### Your assignment
All that should be output is the block of lines below from the line with "Plenty of cabinets" to the line with "Boy sitting barefoot", both included, exactly as written.

- - -

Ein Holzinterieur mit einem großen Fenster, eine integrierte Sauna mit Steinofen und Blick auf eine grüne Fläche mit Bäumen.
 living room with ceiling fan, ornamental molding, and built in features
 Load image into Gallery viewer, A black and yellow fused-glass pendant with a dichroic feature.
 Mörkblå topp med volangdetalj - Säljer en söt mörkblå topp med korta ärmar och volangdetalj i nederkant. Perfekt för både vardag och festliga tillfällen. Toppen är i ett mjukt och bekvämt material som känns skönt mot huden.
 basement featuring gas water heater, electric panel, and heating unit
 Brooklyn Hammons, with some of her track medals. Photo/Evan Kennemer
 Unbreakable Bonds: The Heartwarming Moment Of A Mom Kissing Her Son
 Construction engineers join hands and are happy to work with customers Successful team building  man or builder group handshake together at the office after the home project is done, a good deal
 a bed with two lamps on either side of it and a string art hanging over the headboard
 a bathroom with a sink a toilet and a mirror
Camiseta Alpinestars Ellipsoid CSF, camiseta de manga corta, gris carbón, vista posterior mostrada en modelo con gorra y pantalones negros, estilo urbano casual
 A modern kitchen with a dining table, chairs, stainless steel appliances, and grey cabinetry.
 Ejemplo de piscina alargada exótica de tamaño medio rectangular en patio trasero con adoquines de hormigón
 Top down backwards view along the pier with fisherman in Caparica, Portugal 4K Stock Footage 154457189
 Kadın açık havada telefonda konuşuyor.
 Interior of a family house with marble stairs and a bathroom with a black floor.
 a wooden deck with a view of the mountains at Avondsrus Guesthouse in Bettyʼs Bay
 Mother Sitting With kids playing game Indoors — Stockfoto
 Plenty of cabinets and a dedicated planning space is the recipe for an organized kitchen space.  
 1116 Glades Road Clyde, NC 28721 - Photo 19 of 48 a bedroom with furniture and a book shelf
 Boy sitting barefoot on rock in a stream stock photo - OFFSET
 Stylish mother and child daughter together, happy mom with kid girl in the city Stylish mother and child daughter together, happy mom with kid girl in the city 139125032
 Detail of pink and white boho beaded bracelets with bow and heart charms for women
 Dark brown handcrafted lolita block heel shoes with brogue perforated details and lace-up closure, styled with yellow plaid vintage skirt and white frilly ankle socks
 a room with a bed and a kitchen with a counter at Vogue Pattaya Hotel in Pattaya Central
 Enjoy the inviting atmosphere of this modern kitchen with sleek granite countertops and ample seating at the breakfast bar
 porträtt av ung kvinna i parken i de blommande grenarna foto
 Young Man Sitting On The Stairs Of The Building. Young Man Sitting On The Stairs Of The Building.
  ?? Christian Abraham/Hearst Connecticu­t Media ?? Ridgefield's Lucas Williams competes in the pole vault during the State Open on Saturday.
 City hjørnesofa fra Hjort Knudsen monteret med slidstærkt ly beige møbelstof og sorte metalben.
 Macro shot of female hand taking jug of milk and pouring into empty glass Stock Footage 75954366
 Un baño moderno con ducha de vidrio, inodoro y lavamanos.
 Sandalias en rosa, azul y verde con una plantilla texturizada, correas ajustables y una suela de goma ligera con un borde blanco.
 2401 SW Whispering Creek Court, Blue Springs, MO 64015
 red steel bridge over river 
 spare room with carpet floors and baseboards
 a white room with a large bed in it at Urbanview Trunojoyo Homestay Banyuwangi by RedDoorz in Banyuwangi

- - -

### Solution
 Plenty of cabinets and a dedicated planning space is the recipe for an organized kitchen space.  
 1116 Glades Road Clyde, NC 28721 - Photo 19 of 48 a bedroom with furniture and a book shelf
 Boy sitting barefoot on rock in a stream stock photo - OFFSET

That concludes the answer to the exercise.